The Plains Indian ledger drawings of Oliver Good Shield and Henry Standing Soldier tell the story of Native American life beyond Wounded Knee.
The two Victorian booklets lay side by side. Both covers were decorated by period rococo: encircling vines and foliage, swallows, vignettes of students in art class settings, and a very unhappy baby whose food was upended by a scampering rabbit. The booklets were collected by Henry Dawson, who ran a trading post at Pine Ridge, South Dakota, and were preserved by his descendants for well over a century.
In stark contrast to the booklets’ quaint Victorian covers were the contents drawn by two Oglala Sioux.
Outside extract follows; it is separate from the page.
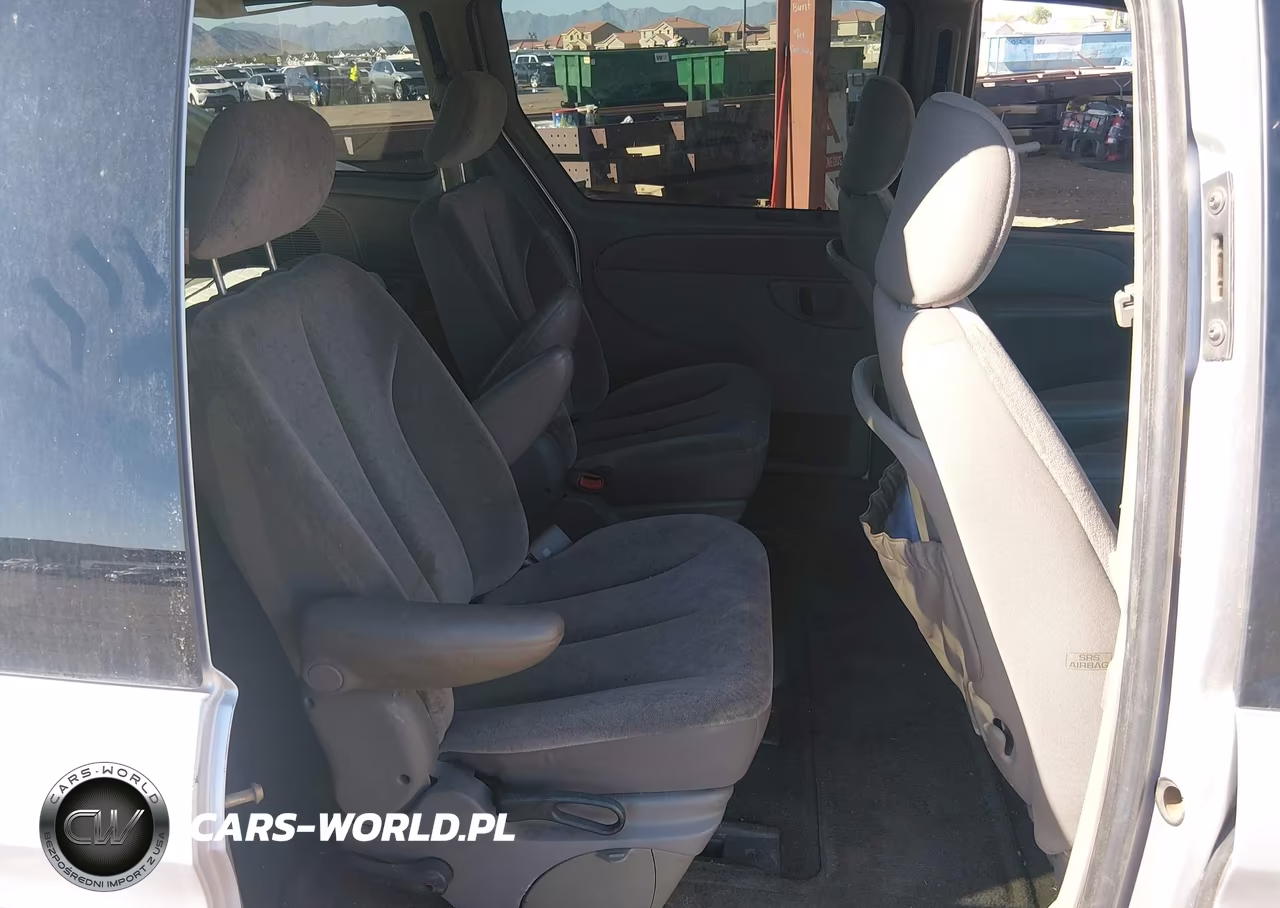 2002 Chrysler Town & Country Lxi VIN:2C8GP54L62R781951 - 8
It was these pictures that Dawson valued and preserved.
“The picture is the rope that ties memory solid to the stake of truth,” a Lakota elder once said, and in the ledger drawings of Oliver Good Shield and Henry Standing Soldier many memories were tied to much truth. The first booklet illustrated 11 warriors on horseback and one woman. The other captured a transitional change of an Indian adapting to a cowboy’s way of life in the Dakota Territory. Both artists could write but chose to express their thoughts in a traditional form of imagery. The reason these two men are remembered today is because of their ledger art.
Ledger Art as History
For centuries of life on the Great Plains, figures and symbols recorded on rock or hide fulfilled a need to communicate beyond words. It was only when paper became available after the Civil War in the form of business ledgers and notebooks that the Plains Indians sought this new technology as a practical and convenient medium for creating.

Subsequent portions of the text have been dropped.